GDPR audit allows you to:

• consolidate information on the protection of personal data to facilitate the development of GDRP documents; 
• rationally allocate resources for GDPR compliance, e.g. wisely allocate time for the development of GDPR documents and time of employees who are involved in the development of such documents;
• avoid numerous amendments resulting from the lack of full scope of information at the very beginning;
• build priorities and clear stages of implementation and introduction of GDPR documents and procedures regard to data processing activities;
• introduce the necessary information and details to the management and team leaders responsible for training and GDPR compliance of staff;
• indicate the possible flaws that should be periodically audited and updated subject to introducing new regulations, policies etc.

How to conduct GDPR audit?

GDPR audit includes several simple steps involving cooperation between your company and GDPR advisers. A well-developed GDPR audit mechanism allows both parties to minimize the time of its conduct as much as possible. 

Steps of GDPR audit are:

Step 1. Questionnaire:

• Introductory call/online meeting to basically discuss and understand your work specifics;
• You provide the answers in the questionnaire created personally for you taking into account the specifics of your company, e.g. IT outsourcing company or product company, B2B or B2C company etc.;
• Analysis of your company’s website, mobile app, public information regarding your known contractors etc. to clarify the data processing activities you are involved in.

Step 2: Focused discussion of your case:

• GDPR advisers conduct preliminary comparison and comprehensive analysis of answers from questionnaire and gathered information;

• You provide clarifications regarding certain aspects of  your data processing mechanics which remained unclear after analysis of questionnaire;
• Final status regarding your data processing mechanics before starting the preparation of documents.

Step 3: Preparation of GDPR documents:

• Based on results of previous discussions and answers, preparation of Data Flow Map;
• Based on Data Flow Map, preparation of Audit and Gap Assessment;
• Preparation of Action Plan considering the prepared documents and previously gathered information.

Step 4: Delivery and discussion of GDPR audit results:

• Delivery of prepared documents and provision of explanations regarding the results of GDPR audit;
• Conclusive call/online meeting to discuss the remained questions, clarify certain pieces of audit results and discuss the implementation of the Action Plan.

Successive and the most important step after the completion of GDPR audit is the preparation of necessary GDPR documents and implementation of Action Plan taking into account results of the GDPR audit.

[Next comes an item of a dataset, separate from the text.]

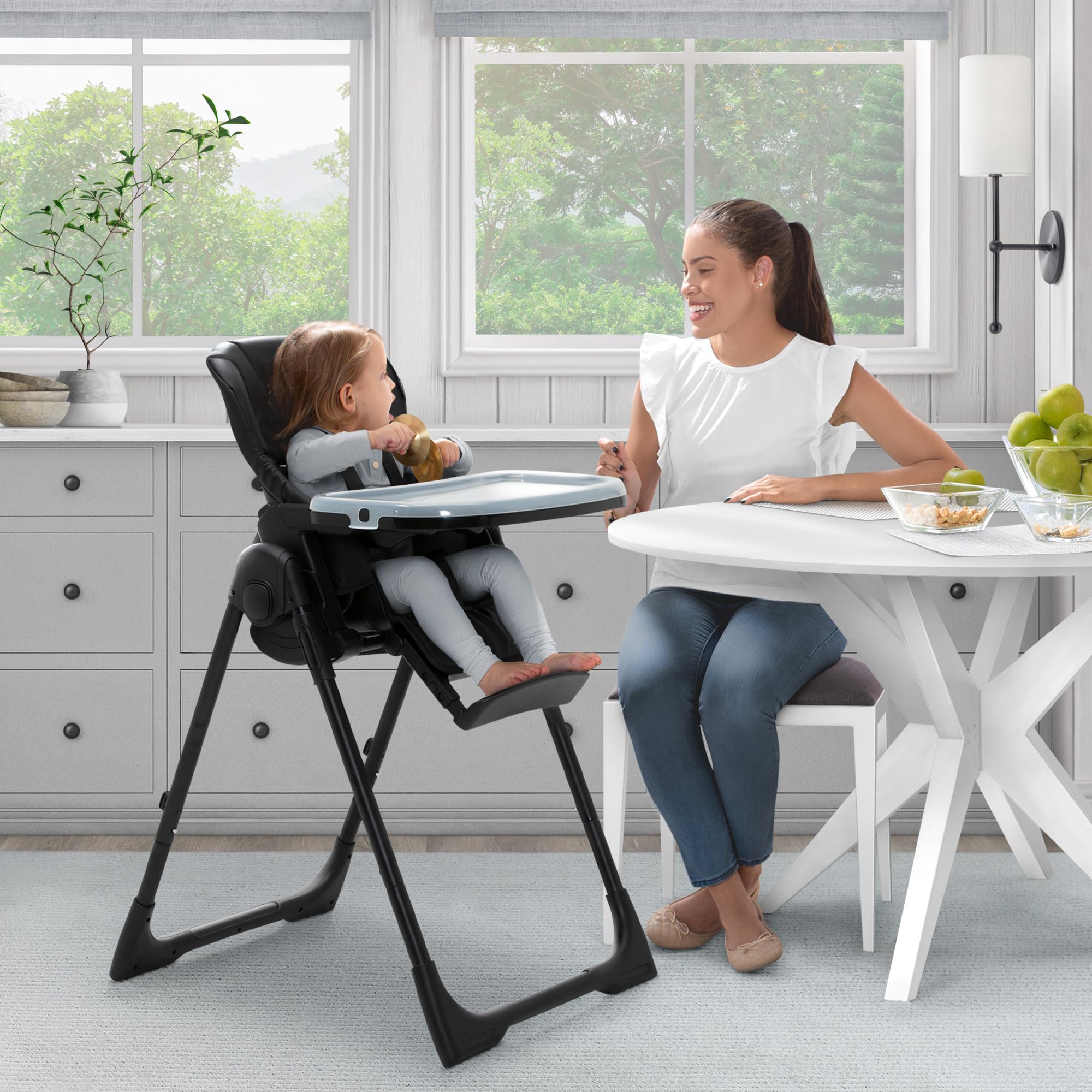 Convertible 2-in-1 High Chair with Adjustable Height and Recline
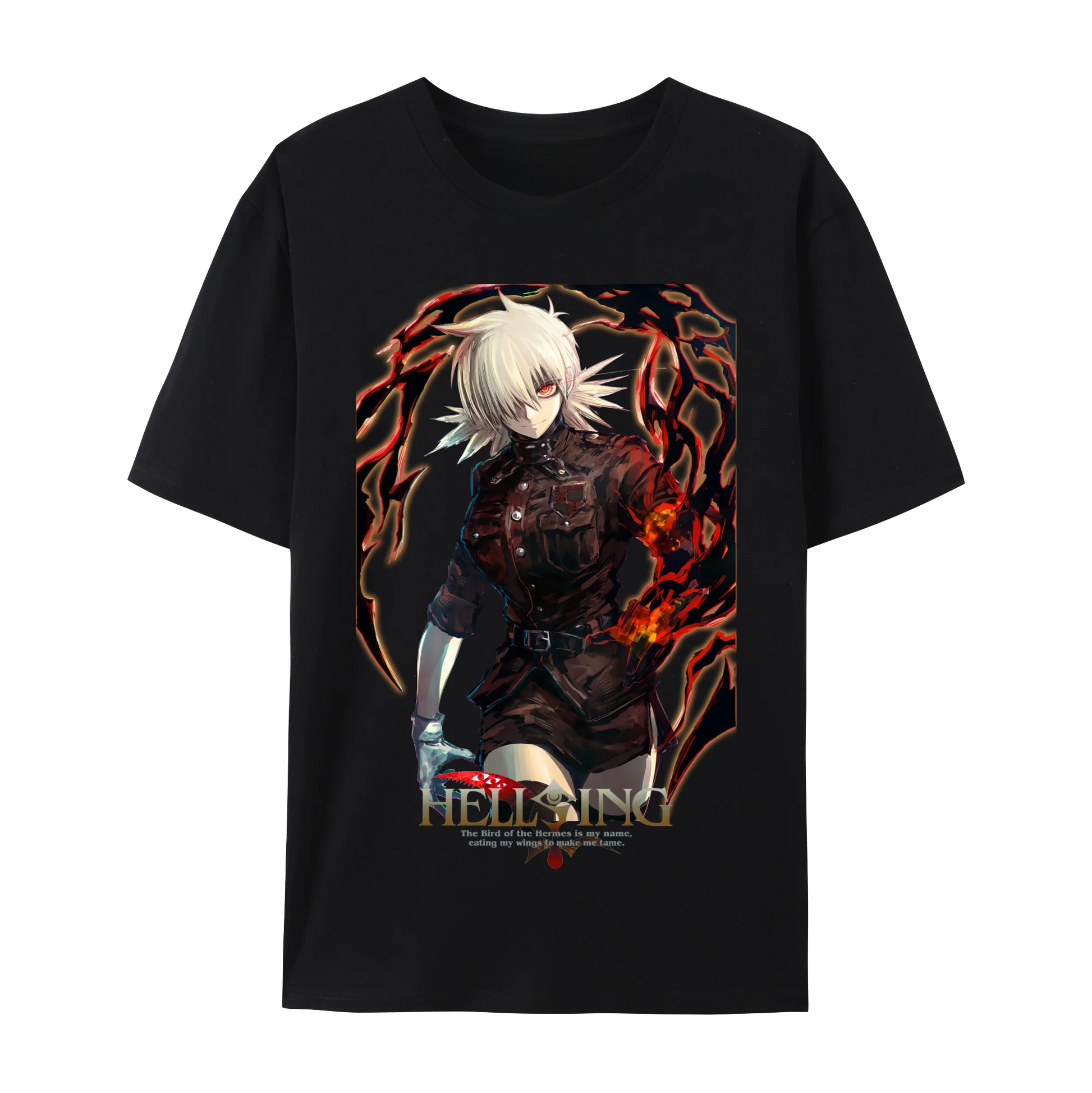 Alucard graphic cotton t-shirt featuring Hellsing character design, perfect for anime fans and casual wear.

Without this step, company would not be able to achieve GDPR compliance.

Additionally, we want to emphasize on the importance of GDPR audit for complicated projects, for example:

• data broker companies;
• traffic arbitrators;
• data enrichment/progressive profiling projects;
• companies who process medical, biometrical and other sensitive data etc.

GDPR provides serious data processing and security requirements, therefore such procedure as GDPR audit will help you to assess the privacy issues in your company, determine the major and minor flaws from GDPR requirements and create a roadmap to GDPR compliance personalized for your case.